**Exercise prompt**
Output must consist only of the lines of the material below from the one with "Go to the Isopia" through the one with "Now you're going", each reproduced exactly; no pictures belong in it.

**Dataset entries**
========================================
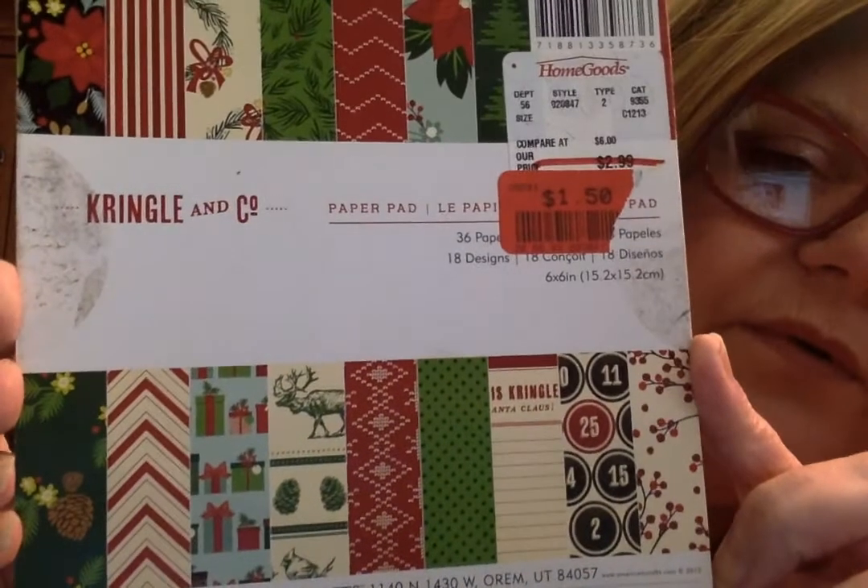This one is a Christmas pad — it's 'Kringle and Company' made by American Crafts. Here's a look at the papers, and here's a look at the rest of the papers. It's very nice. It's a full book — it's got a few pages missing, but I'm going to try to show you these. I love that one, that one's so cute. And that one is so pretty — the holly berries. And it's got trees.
========================================
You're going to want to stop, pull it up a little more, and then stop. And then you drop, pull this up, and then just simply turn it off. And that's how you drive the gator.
========================================
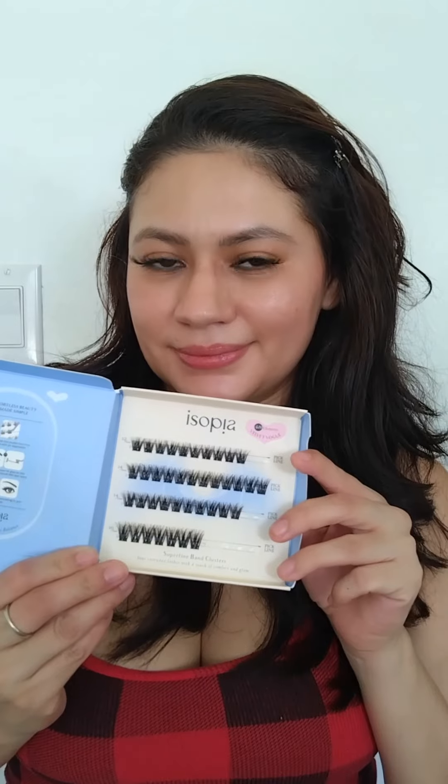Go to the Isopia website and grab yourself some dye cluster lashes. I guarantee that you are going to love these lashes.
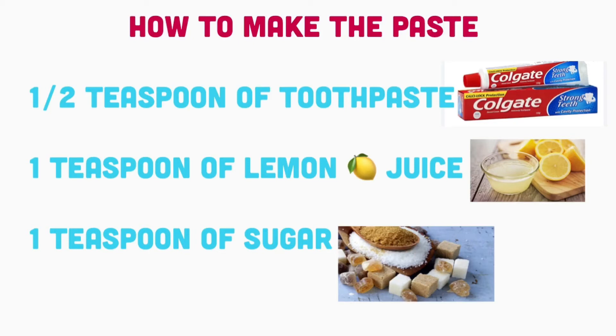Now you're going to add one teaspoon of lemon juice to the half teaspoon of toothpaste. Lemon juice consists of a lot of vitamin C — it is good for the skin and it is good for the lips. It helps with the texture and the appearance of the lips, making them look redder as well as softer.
========================================
**Completed exercise**
Go to the Isopia website and grab yourself some dye cluster lashes. I guarantee that you are going to love these lashes.
Now you're going to add one teaspoon of lemon juice to the half teaspoon of toothpaste. Lemon juice consists of a lot of vitamin C — it is good for the skin and it is good for the lips. It helps with the texture and the appearance of the lips, making them look redder as well as softer.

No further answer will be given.